ACTION ITEM:
Write out only the lines from the start of the entries up to and including the line with "Dětské sneakers boty"; please skip the pictures.

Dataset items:

----------------------------------------

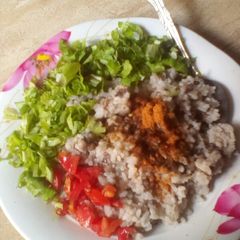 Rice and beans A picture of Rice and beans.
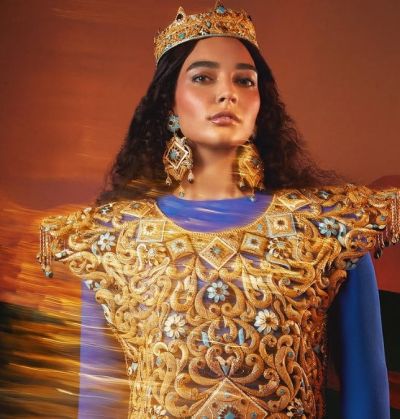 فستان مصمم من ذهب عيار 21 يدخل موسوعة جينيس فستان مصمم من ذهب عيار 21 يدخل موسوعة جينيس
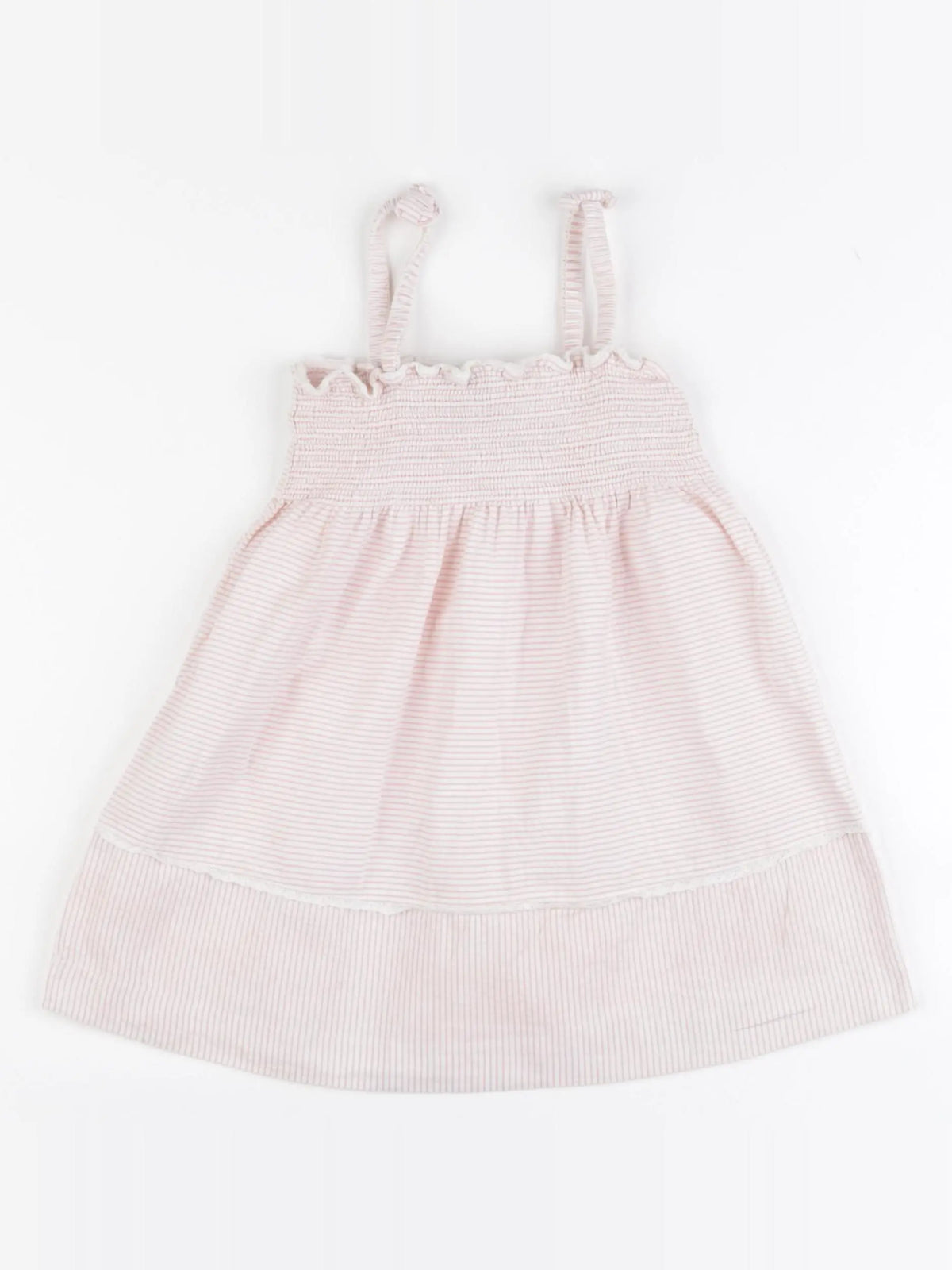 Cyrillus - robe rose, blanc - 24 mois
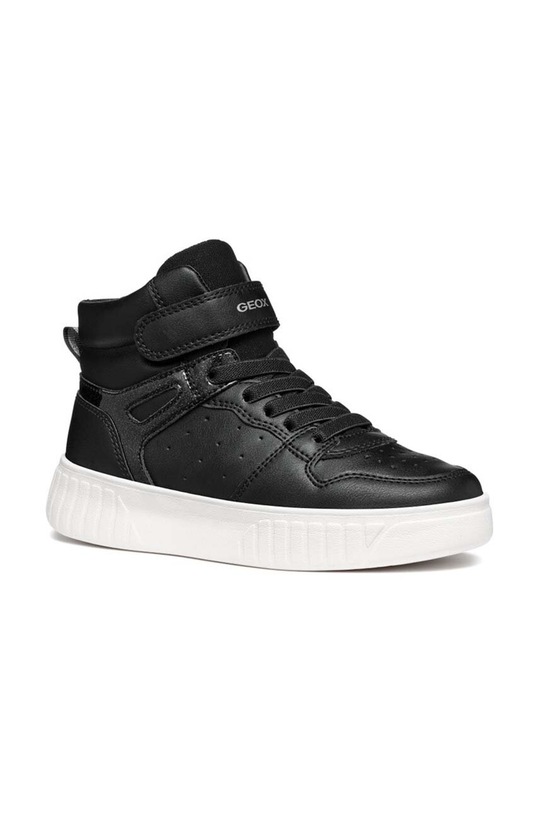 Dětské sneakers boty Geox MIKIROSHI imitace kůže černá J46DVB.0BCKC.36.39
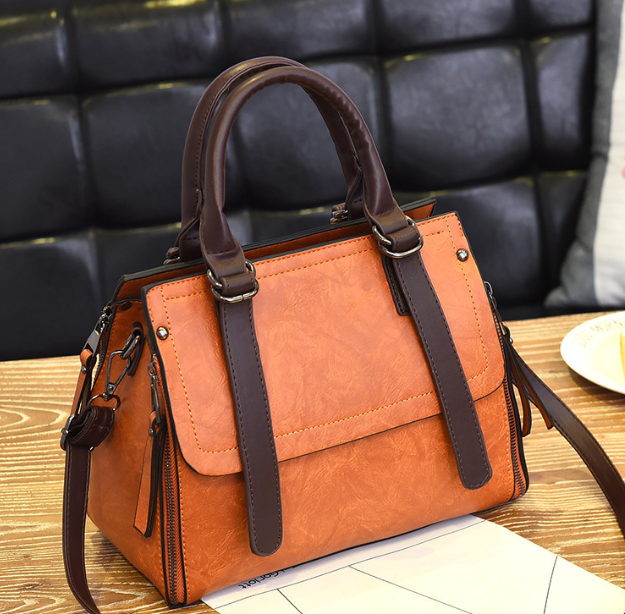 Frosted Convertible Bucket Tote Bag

----------------------------------------

EXERCISE ANSWER:
 Rice and beans A picture of Rice and beans.
 فستان مصمم من ذهب عيار 21 يدخل موسوعة جينيس فستان مصمم من ذهب عيار 21 يدخل موسوعة جينيس
 Cyrillus - robe rose, blanc - 24 mois
 Dětské sneakers boty Geox MIKIROSHI imitace kůže černá J46DVB.0BCKC.36.39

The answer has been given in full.